Junto al cocido, brillan otros pilares de la gastronomía de cuchara. La fabada asturiana, con sus judías cremosas y su compango generoso; el contundente y sabroso rabo de toro estofado; o el clásico cochinillo asado, con su piel crujiente y su carne jugosa. Son platos que no buscan sorprender con fuegos de artificio, sino conmemorar con honestidad lo que siempre ha funcionado.
Pero el restaurante tiene dos almas, y ambas se disfrutan. En la planta baja, un ambiente más distendido invita al tapeo. La barra es un espectáculo de olores y colores: la imprescindible morcilla de arroz de Aranda, los chipirones a la romana, unas patatas bravas de las de siempre o unas deliciosas empanadillas de ropa vieja. Son el complemento ideal para una caña o una copa de vino de su amplia bodega, donde conviven desde un joven Martínez Lacuesta hasta un exquisito Vega Sicilia Valbuena.
Para quienes busquen una experiencia más completa, la carta ofrece desde entrantes como las croquetas de jamón o las anchoas del Cantábrico, hasta segundos contundentes como un chuletón de vaca vieja o un monumental cachopo asturiano. Y es que, como bien señaló Time Out, aquí son «príncipes del cocido» pero también resumen a la perfección toda la gastronomía española reconocida.
El broche de oro: la repostería de la abuela
Ninguna comida aquí debe terminar sin rendirse a la tentación de sus postres caseros. Son la culminación de esa esencia familiar que todo lo impregna. El rey indiscutible es el buñuelo relleno de manzana con nata casera. Se ha convertido en una tradición por derecho propio, un imprescindible que muchos clientes piden incluso antes de sentarse. La masa esponjosa, el relleno de manzana caliente y la frescura de la nata crean un contraste perfecto.

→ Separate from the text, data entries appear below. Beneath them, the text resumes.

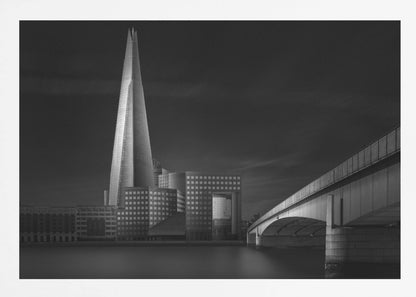 A dramatic black and white photograph of the London skyline featuring The Shard skyscraper and London Bridge. The image is shot at dusk or night, with The Shard brightly lit against a dark, moody sky. The River Thames in the foreground is calm and reflective, captured with a long exposure. Artwork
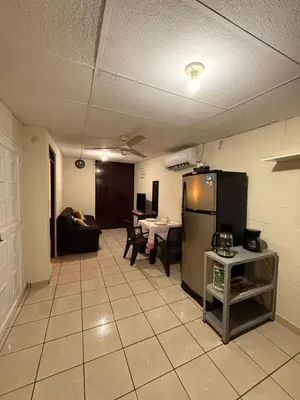 a kitchen and living room with a refrigerator and a table at El Pibe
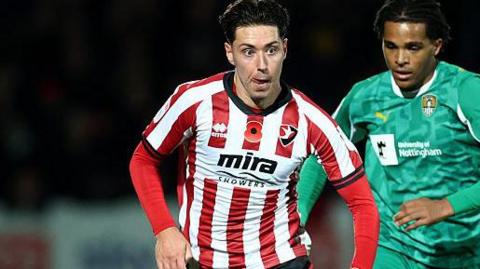 Cheltenham Town's on-loan Bristol Rovers player Isaac Hutchinson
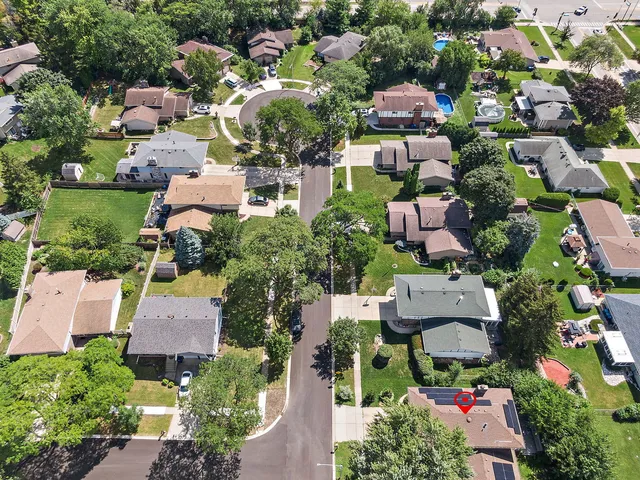 an aerial view of houses with yard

La oferta dulce, sin embargo, da para más de una visita. Está la tarta de queso casera, cremosa y equilibrada, sin excesos de azúcar; el clásico arroz con leche; o la irresistible filloa rellena de nata y chocolate, un guiño a la tradición gallega que conquista a los más golosos. Es el tipo de postre que cierra una comida redonda, con la sensación de haber estado, efectivamente, en casa.
Un espacio con dos pisos y una sola esencia: la familiar
El propio local cuenta la filosofía del restaurante. La Nueva Cañada se distribuye en dos plantas, cada una con su personalidad. Abajo, la zona de la barra y algunas mesas es el territorio del tapeo rápido, del vermú y la charla animada. En los días templados de otoño, la terraza a pie de calle se convierte en un privilegiado balón de oxígeno.
Subir al salón principal es cambiar de ritmo. Es un espacio amplio, con grandes ventanales, pensado para las comidas largas, las sobremesas interminables entre familia y amigos. Aquí es donde el cocido despliega todo su ritual. El ambiente es cálido, acogedor, sin pretensiones más allá de hacerte sentir bienvenido. Con una capacidad para alrededor de 90 comensales, es un lugar que se llena de vida y de historias compartidas.
La Nueva Cañada abre todos los días al mediodía (de 13:00 a 18:00 horas) y de martes a sábado también por la noche (de 20:00 a 01:00). Ofrece servicio de take away para disfrutar de sus clásicos en casa, y el precio medio de una comida ronda los 40 euros. Un detalle a tener en cuenta es su menú de verano, que por 29,50€ por persona propone un recorrido con producto de temporada, demostrando que su cocina, aunque anclada en la tradición, también sabe adaptarse.
En definitiva, más de medio siglo después de su fundación, La Nueva Cañada no es solo un restaurante. Es un custodio. Custodia el sabor de un Madrid castizo, el valor de las cosas hechas con tiempo y el calor de un trato familiar. En un mundo gastronómico a menudo volátil y efímero, este rincón de Boadilla del Monte se mantiene firme en su verdad: que la autenticidad, plato a plato, es el condimento más valioso. Y ese, sin duda, es un gusto que nunca pasa de moda.